**Exercise directions**
Below are entries. Copy exactly the lines running from the line that holds "2020嘉興學(xué)院專升本招生計劃專業(yè)(圖1)" to the line that holds "ratio semi-major Final", with both ends included.

**Dataset**
* * * * * * * * *

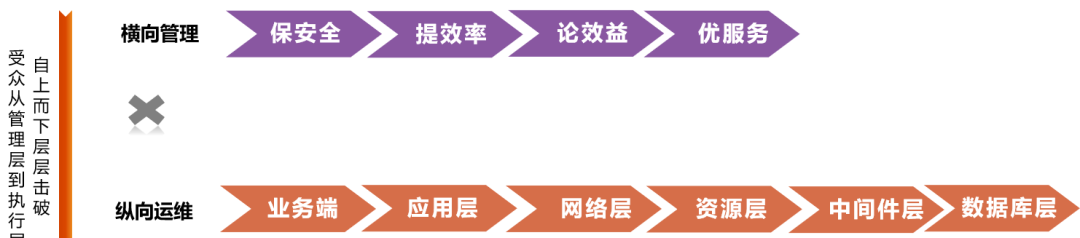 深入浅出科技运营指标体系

* * * * * * * * *

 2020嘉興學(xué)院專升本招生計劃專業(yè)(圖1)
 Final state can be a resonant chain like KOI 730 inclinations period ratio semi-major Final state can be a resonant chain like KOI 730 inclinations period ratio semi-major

* * * * * * * * *

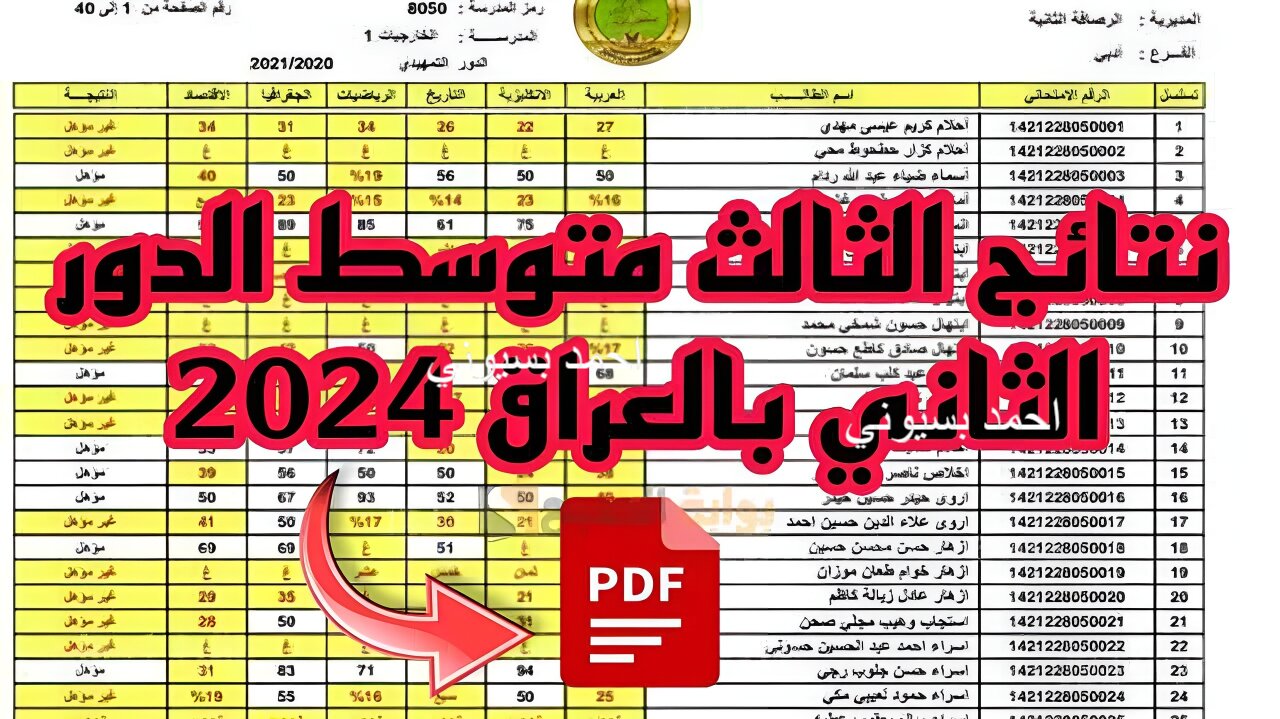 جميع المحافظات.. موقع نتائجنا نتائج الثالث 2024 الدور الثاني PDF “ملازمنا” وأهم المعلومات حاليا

* * * * * * * * *

**Written reply**
 2020嘉興學(xué)院專升本招生計劃專業(yè)(圖1)
 Final state can be a resonant chain like KOI 730 inclinations period ratio semi-major Final state can be a resonant chain like KOI 730 inclinations period ratio semi-major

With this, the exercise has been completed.